◆ Data excerpts ◆
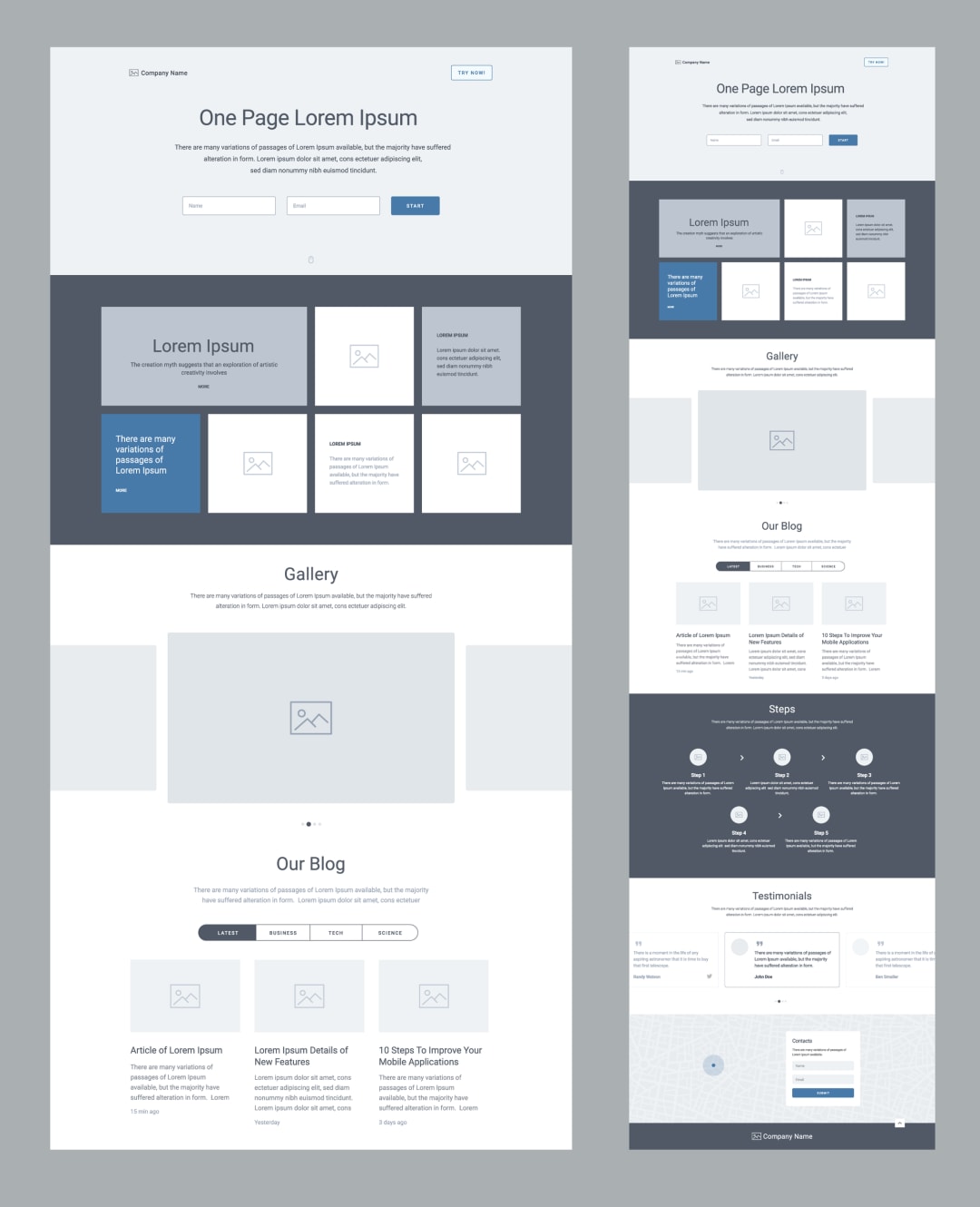 What is UI Design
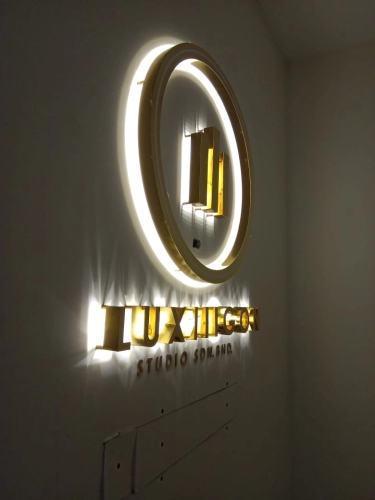 3d led boxup signbord #3dledsignboard #3dboxup #3dsignboard #3dledboxup #signboard   Whatsapp   http://www.wasap.my/60162340804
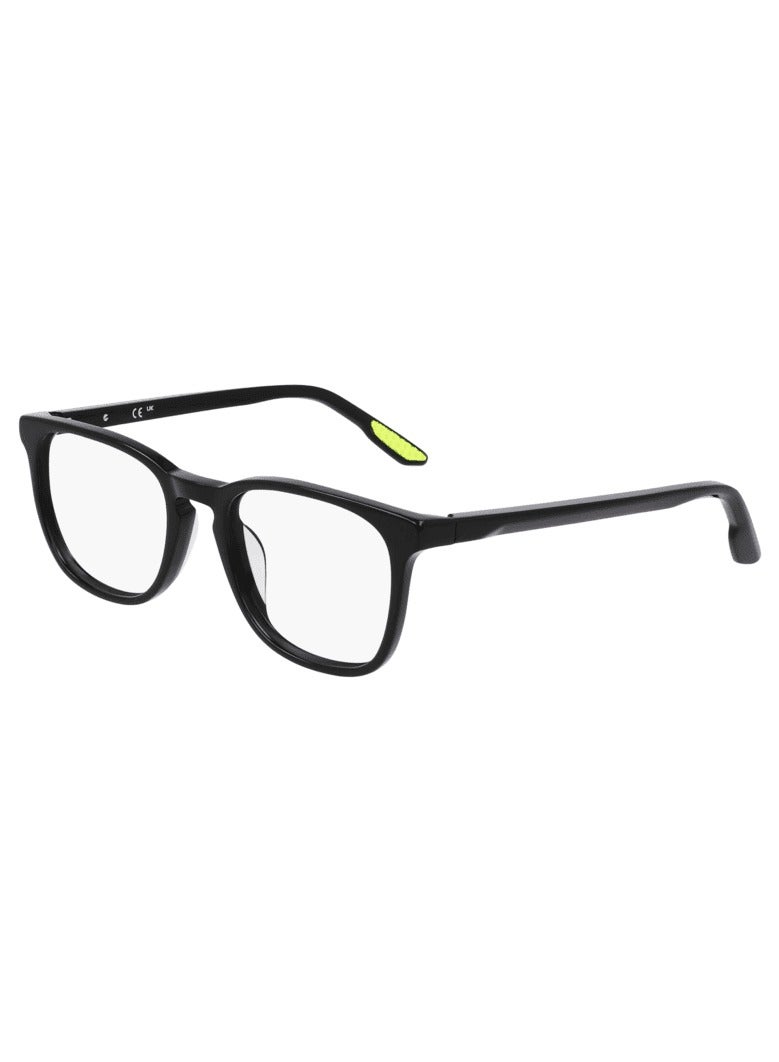 Nike Nike 5055 001 48 Kid's Eyeglasses Frame  - Image 1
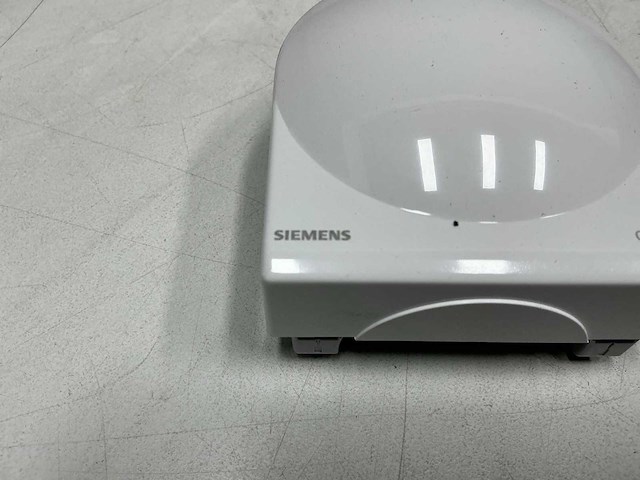 Siemens - qac2030 - buitentemperatuur sensor (12x) - afbeelding 6 van  11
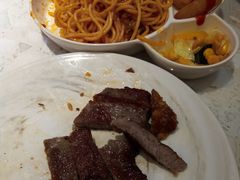 -水天堂西餐厅(昆山万象汇店)
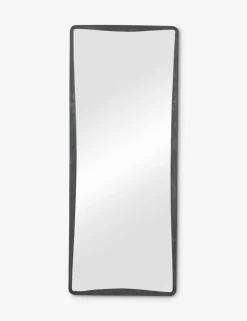 Karrington Floor Mirror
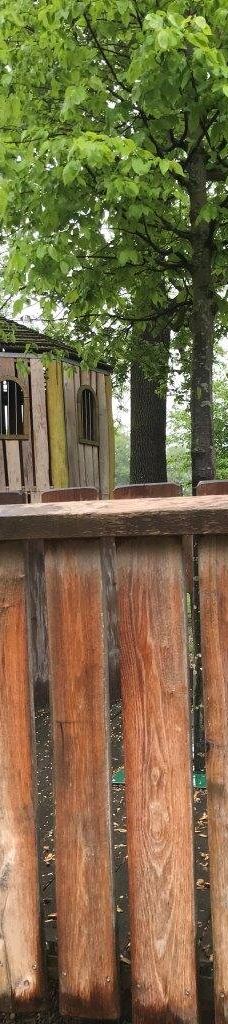 Spielplatz Im Schlobigpark-茨维考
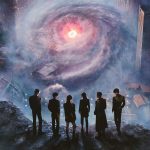推理番組『开始推理吧3』がついに完結！豪華キャストの涙と笑いの裏側とは？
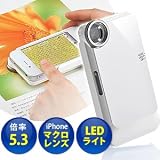 めざましテレビで紹介されました サンワダイレクト
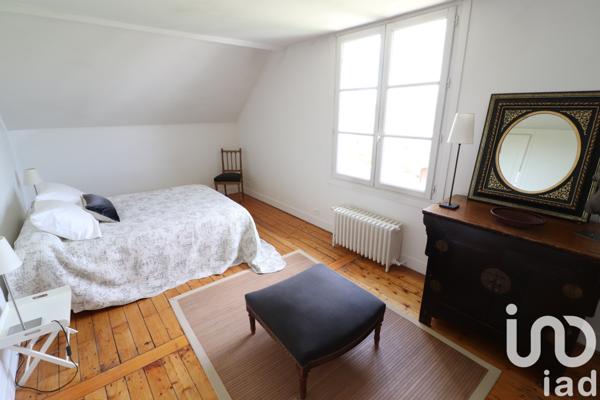 Maison à vendre 6 pièces 146 m² Avon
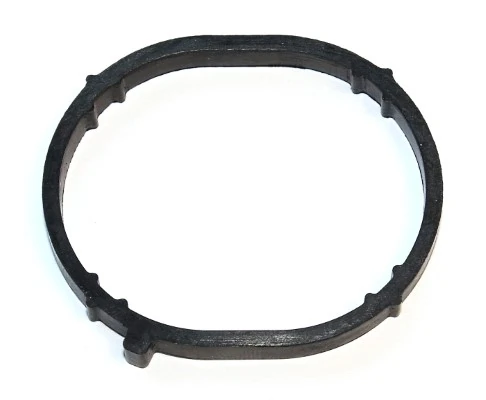 ELRING 172460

◆ The problem ◆
Restate each record from above word for word, excluding any picture it holds.

◆ Result of this exercise ◆
 What is UI Design
 3d led boxup signbord #3dledsignboard #3dboxup #3dsignboard #3dledboxup #signboard   Whatsapp   http://www.wasap.my/60162340804
 Nike Nike 5055 001 48 Kid's Eyeglasses Frame  - Image 1
 Siemens - qac2030 - buitentemperatuur sensor (12x) - afbeelding 6 van  11
 -水天堂西餐厅(昆山万象汇店)
 Karrington Floor Mirror
 Spielplatz Im Schlobigpark-茨维考
推理番組『开始推理吧3』がついに完結！豪華キャストの涙と笑いの裏側とは？
 めざましテレビで紹介されました サンワダイレクト
 Maison à vendre 6 pièces 146 m² Avon
 ELRING 172460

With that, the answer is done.